● Activity
For this exercise, return exactly the lines of the material below that begin at the one with "3-seters sofa Idre" and stop after the one with "easy to do gray".

Segment Start: Input data

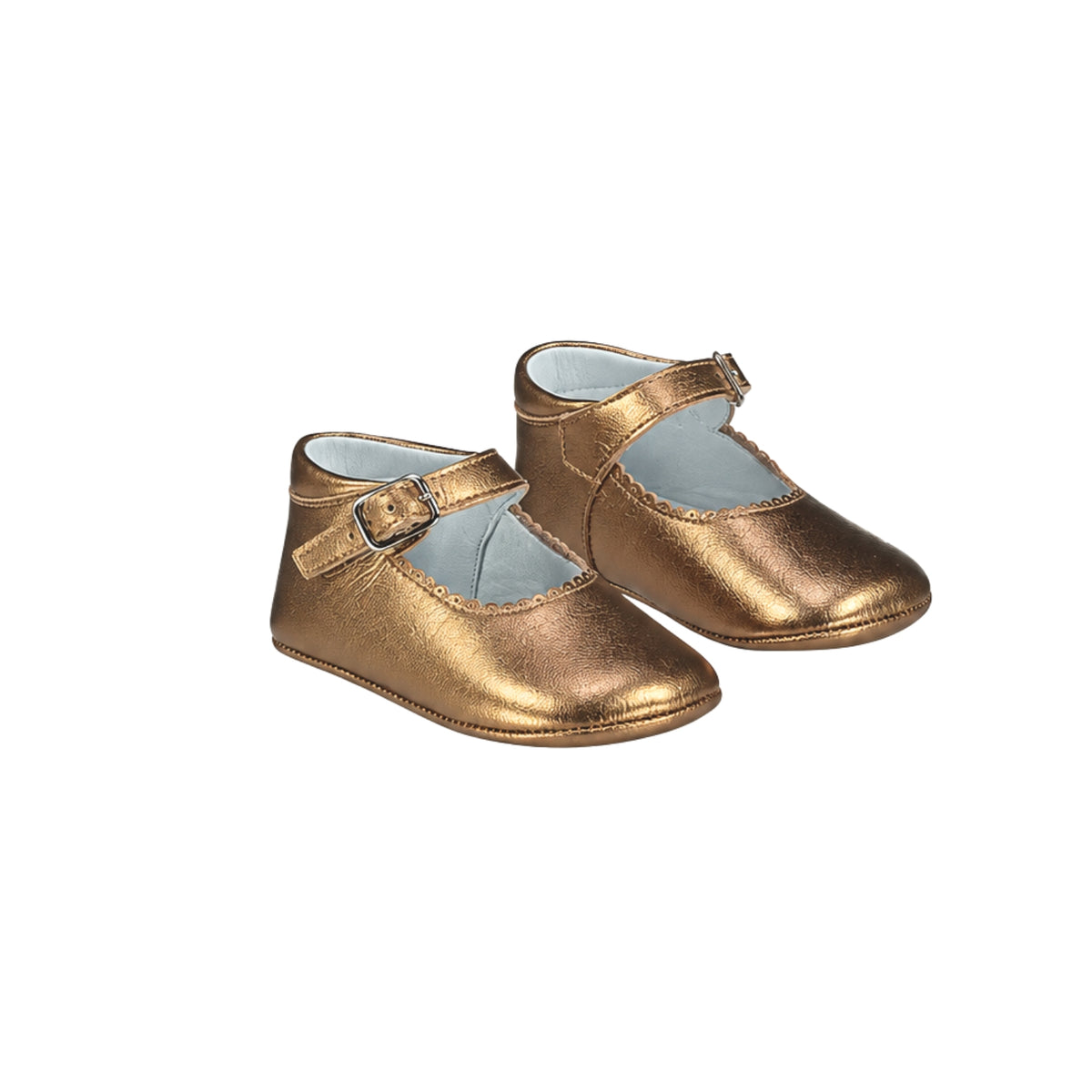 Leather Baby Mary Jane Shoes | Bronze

Segment End: Input data
Segment Start: Input data

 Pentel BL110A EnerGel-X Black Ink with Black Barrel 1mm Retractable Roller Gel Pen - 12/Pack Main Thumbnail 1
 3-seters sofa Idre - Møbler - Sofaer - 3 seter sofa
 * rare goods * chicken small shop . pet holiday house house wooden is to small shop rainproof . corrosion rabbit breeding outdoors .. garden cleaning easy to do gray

Segment End: Input data

● Your solution
 3-seters sofa Idre - Møbler - Sofaer - 3 seter sofa
 * rare goods * chicken small shop . pet holiday house house wooden is to small shop rainproof . corrosion rabbit breeding outdoors .. garden cleaning easy to do gray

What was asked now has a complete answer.